Test Driven Design

Richard Sheridan (Cofounder and CEO, Menlo Innovations) wrote Joy Inc to share insight into all XP practices that worked for his Org. Here he shares the rigor and discipline they practice to get the quality needed in software.

Commercial pilots pair, of course. Do surgeons, anesthesiologists, nurses work in pairs too?

Software is now in everything. Your car. Airlines. Nuclear reactors. Banking systems. Software errors can cause great risk to humans, to companies, and to economies. Pairing increases quality and attention to detail particularly in cases of pressure, stress, and fatigue.

Heroes on Heroics, Great Teams Rely on Discipline

Rigor and discipline are hard, and it’s always easy to say, “Tomorrow I will do better.” If you can get your entire team into a disciplined routine of applying a rigorous approach you all believe in, and the effects become noticeable, morale soars even if the rigor is difficult.

One such rigor for us is that our programmers must write automated unit tests before they write the code to be tested. Most programmers wont do it and it is easy to fall out of this habit, but it is so crucial to the level of quality we aspire to in the code. However, our discipline guarantees that we write the test before we write the code, and it guarantees we will do it every time.

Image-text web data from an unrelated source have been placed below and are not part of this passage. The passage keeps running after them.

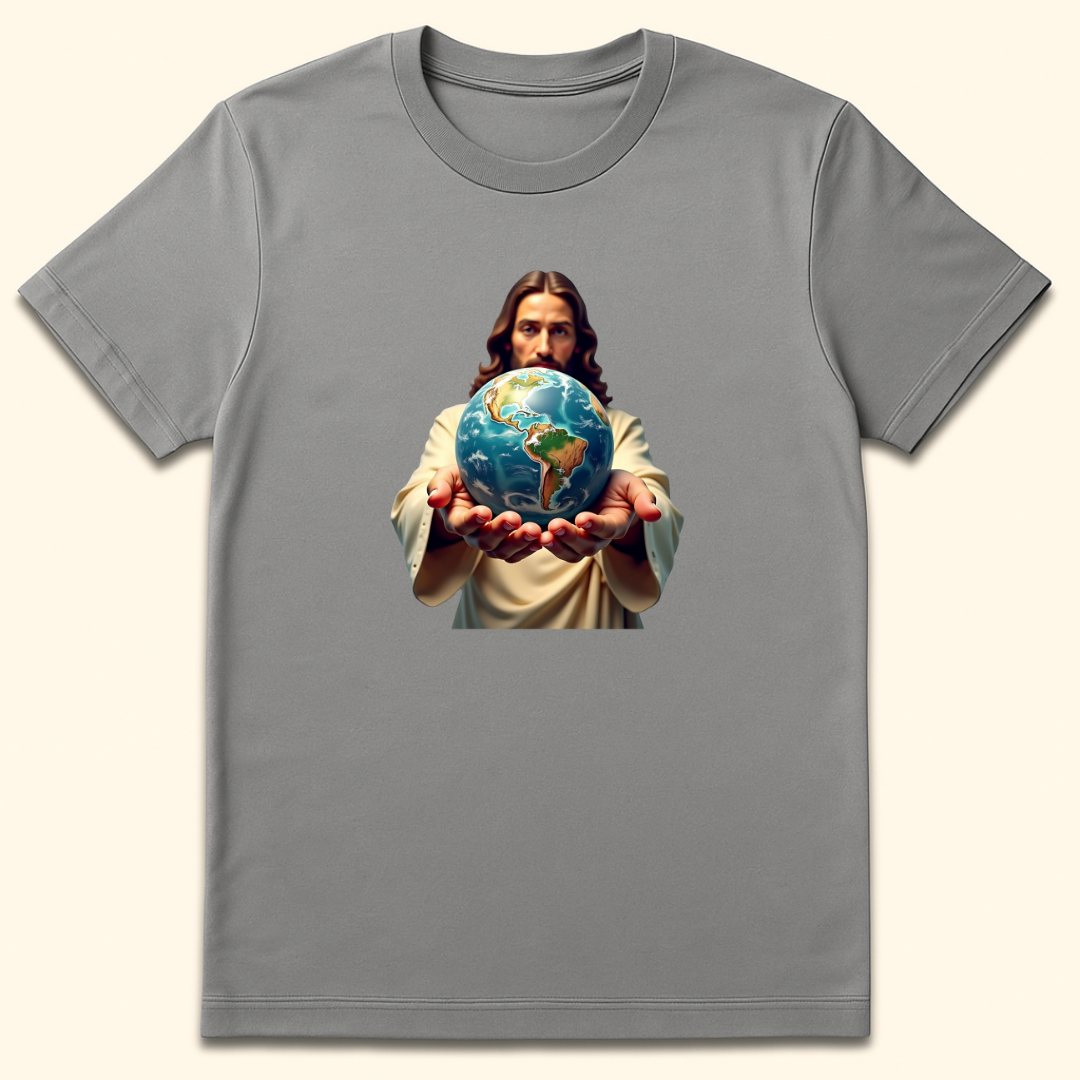 Whole World In His Hands T-Shirt Sport Grey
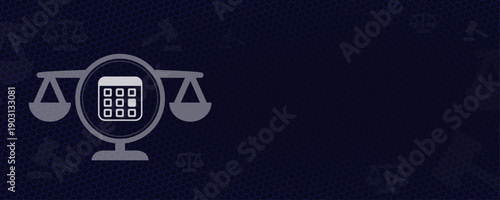 Labor law deadlines and contract expiration vector concept with calendar icon on balance scales and copy space for employment and appointment schedule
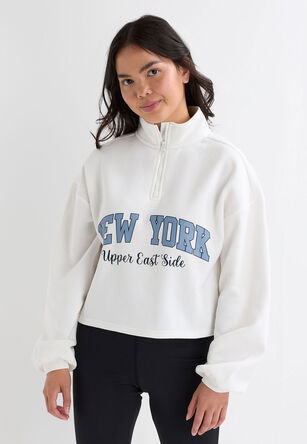 Older Girls Cream New York Half Zip Sweatshirt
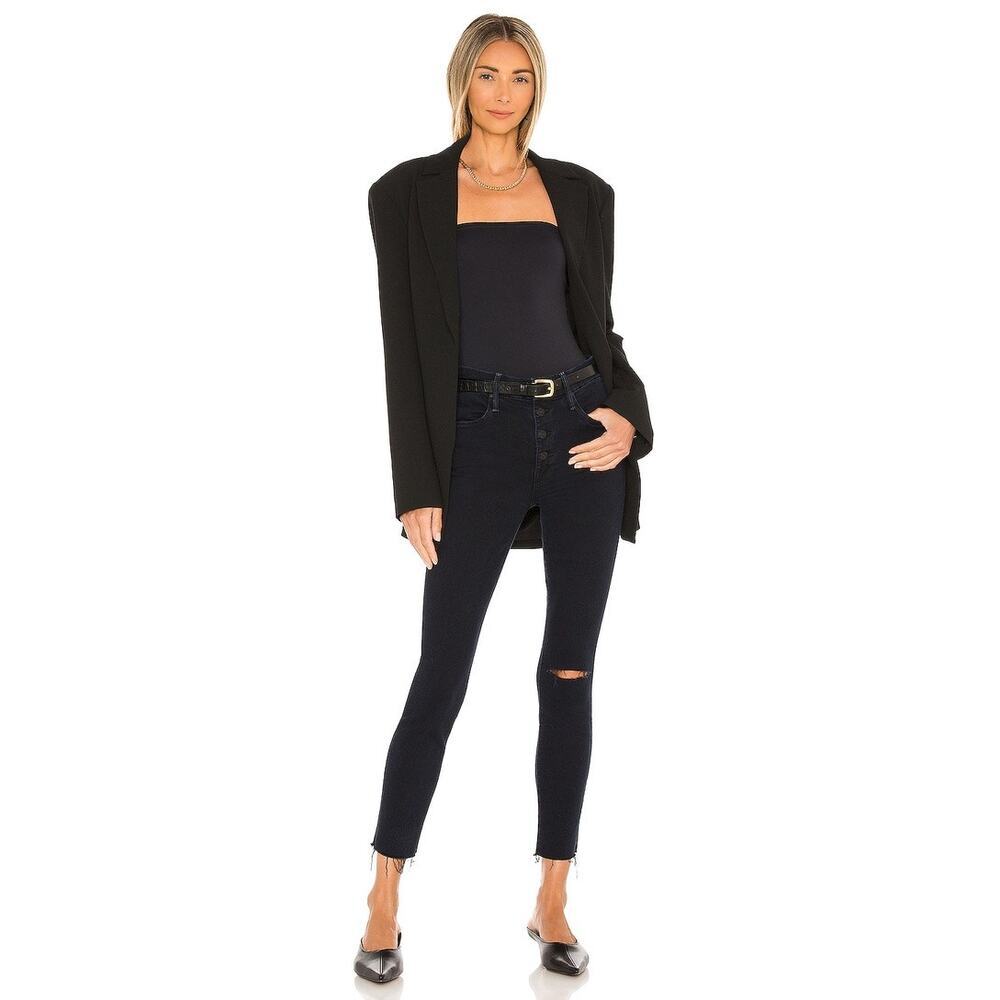 Mother Pixie Ankle Fray Holding Hands Tightly Mid-Rise Skinny Jeans Dark Blue 24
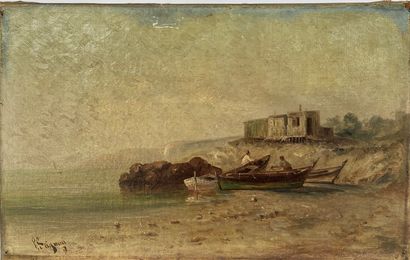 Paul SEIGNON (1820-1890) Barques au rivage Huile sur toile, signée en bas à gauche...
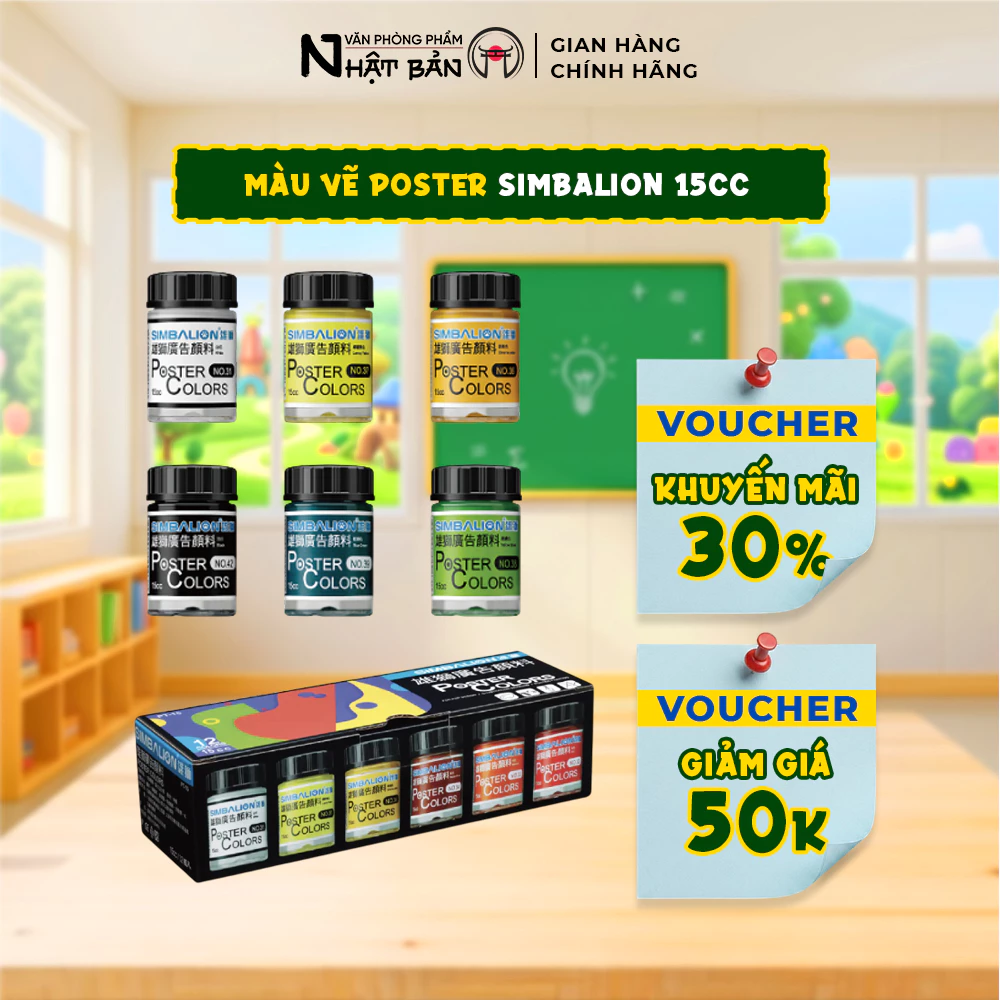 Màu Poster Simbalion 15CC 36 màu đẹp tự nhiên vẽ được lên mọi chất liệu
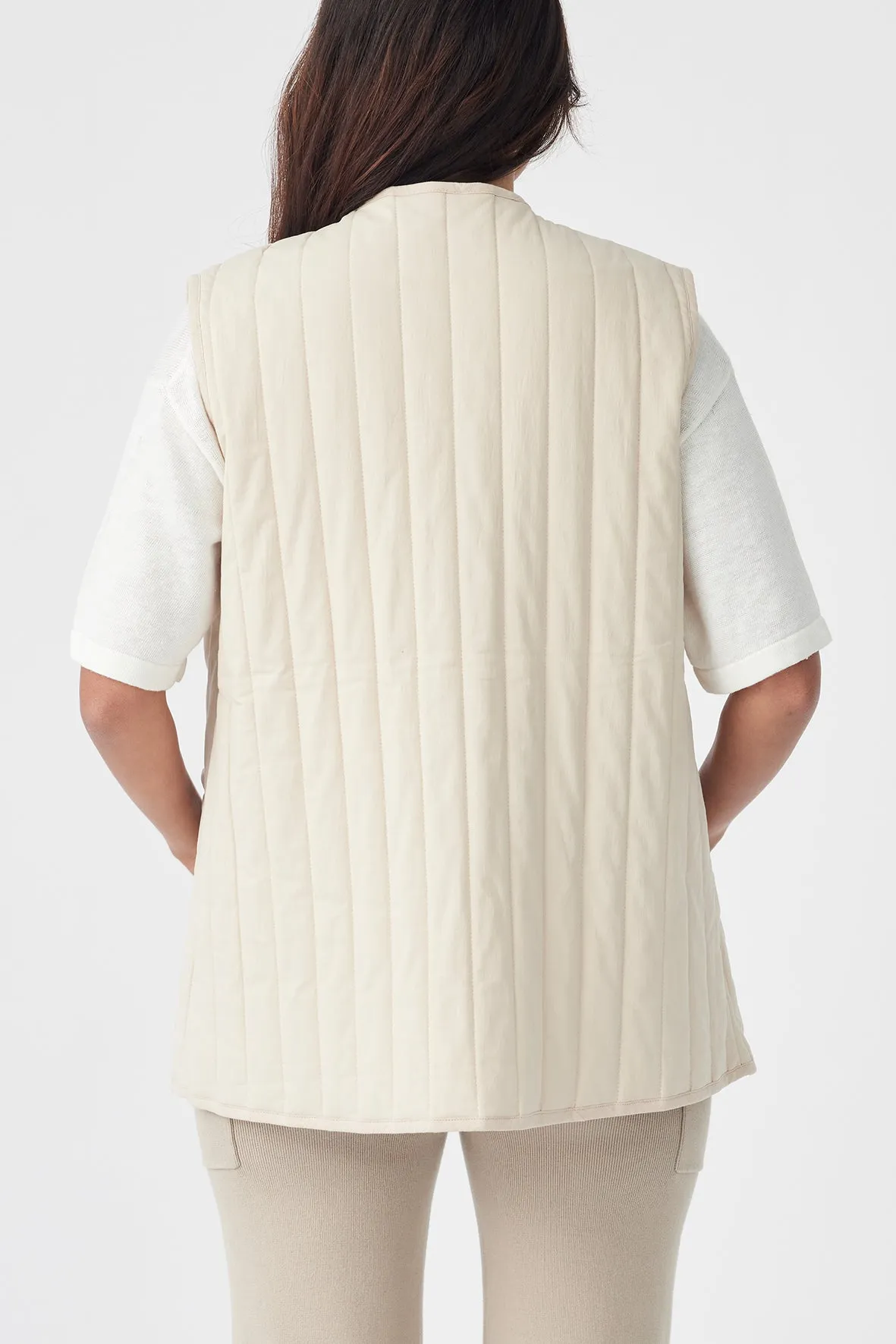 Mae Quilted Cotton Vest - Sand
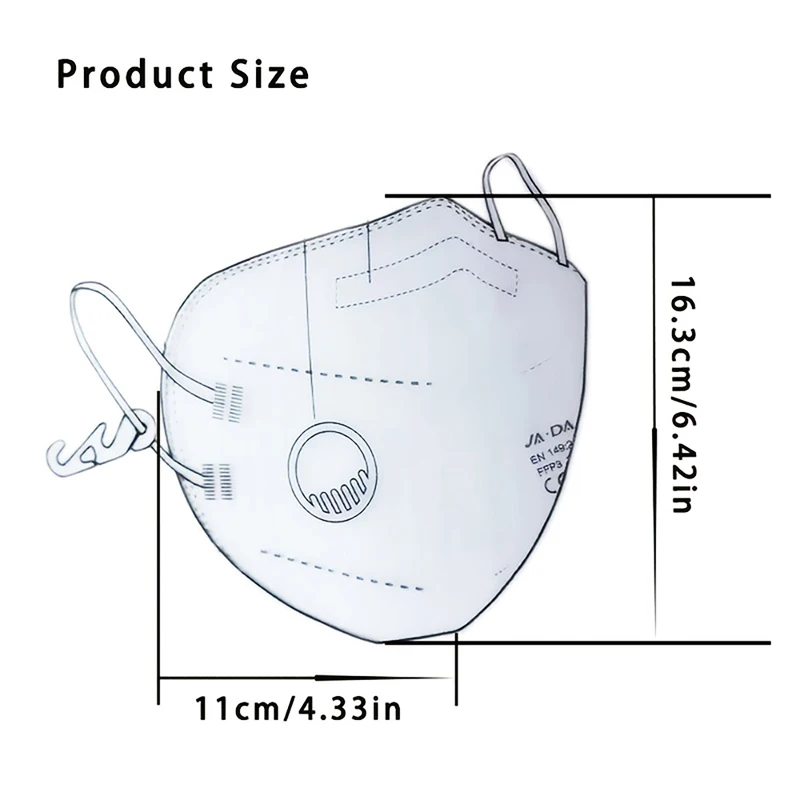 Masque FFP3 NR CE 7 Couches avec Valve - Lot de 10/20/50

Test Driven Design! The effect on quality is unparalleled. This rigour ensures that silly human mistakes are caught automatically without having to remember all the little things that can go wrong. Think of this as a auto mechanic who lives in your garage. Every night while you are sleeping, this tireless worker is checking tire pressure, window visibility, electrical systems, and making sure that every little nut and bolt is properly secured and in tip-top shape. Your car will probably last a million miles with this attention, but it’s more important than that.

Many bosses may ask you to forget about TDD because we had real work to do!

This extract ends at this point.